Only the lines from the one with "The image shows" to the end of the listing below should be set down, exactly as written and without any pictures.

- **The data**
=== Begin Enclosure ===
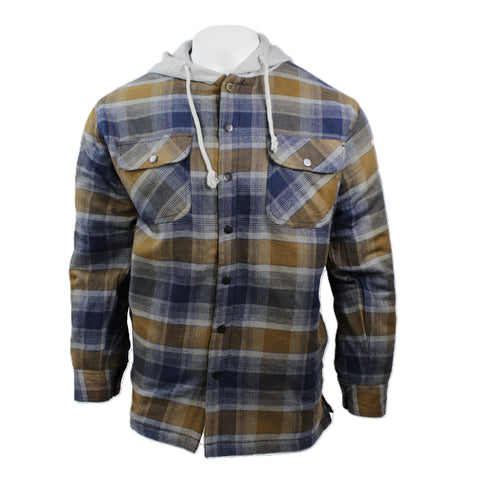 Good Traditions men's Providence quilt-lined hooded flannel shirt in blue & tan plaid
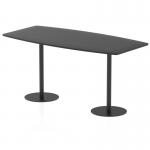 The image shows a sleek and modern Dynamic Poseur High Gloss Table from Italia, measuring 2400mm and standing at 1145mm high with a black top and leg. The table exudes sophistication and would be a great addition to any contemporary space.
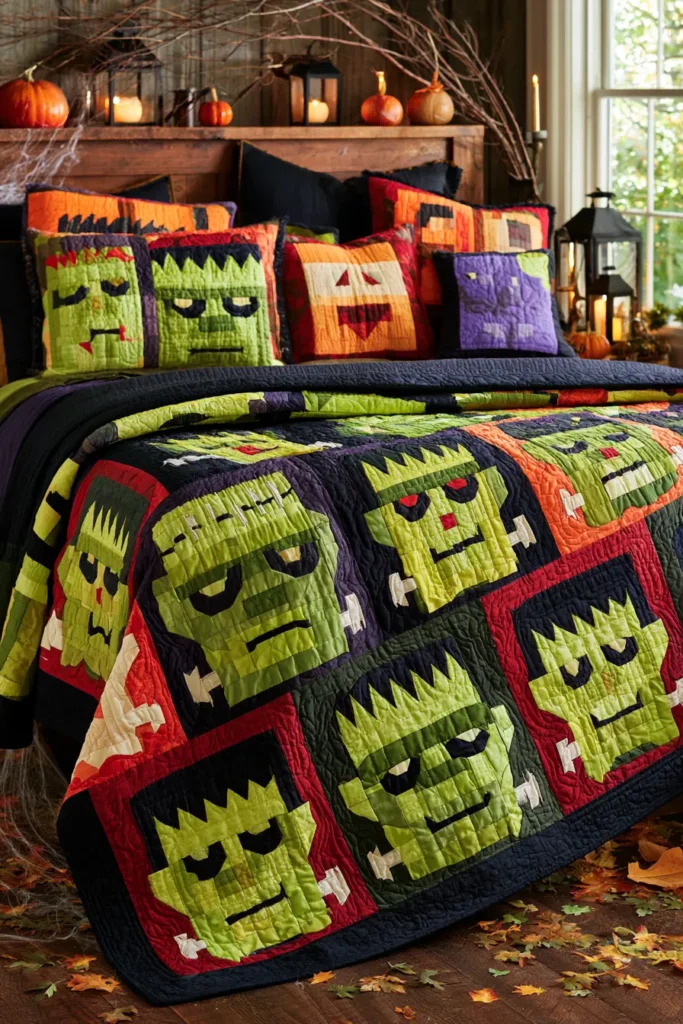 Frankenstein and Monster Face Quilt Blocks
=== End Enclosure ===
- **Output**
 The image shows a sleek and modern Dynamic Poseur High Gloss Table from Italia, measuring 2400mm and standing at 1145mm high with a black top and leg. The table exudes sophistication and would be a great addition to any contemporary space.
 Frankenstein and Monster Face Quilt Blocks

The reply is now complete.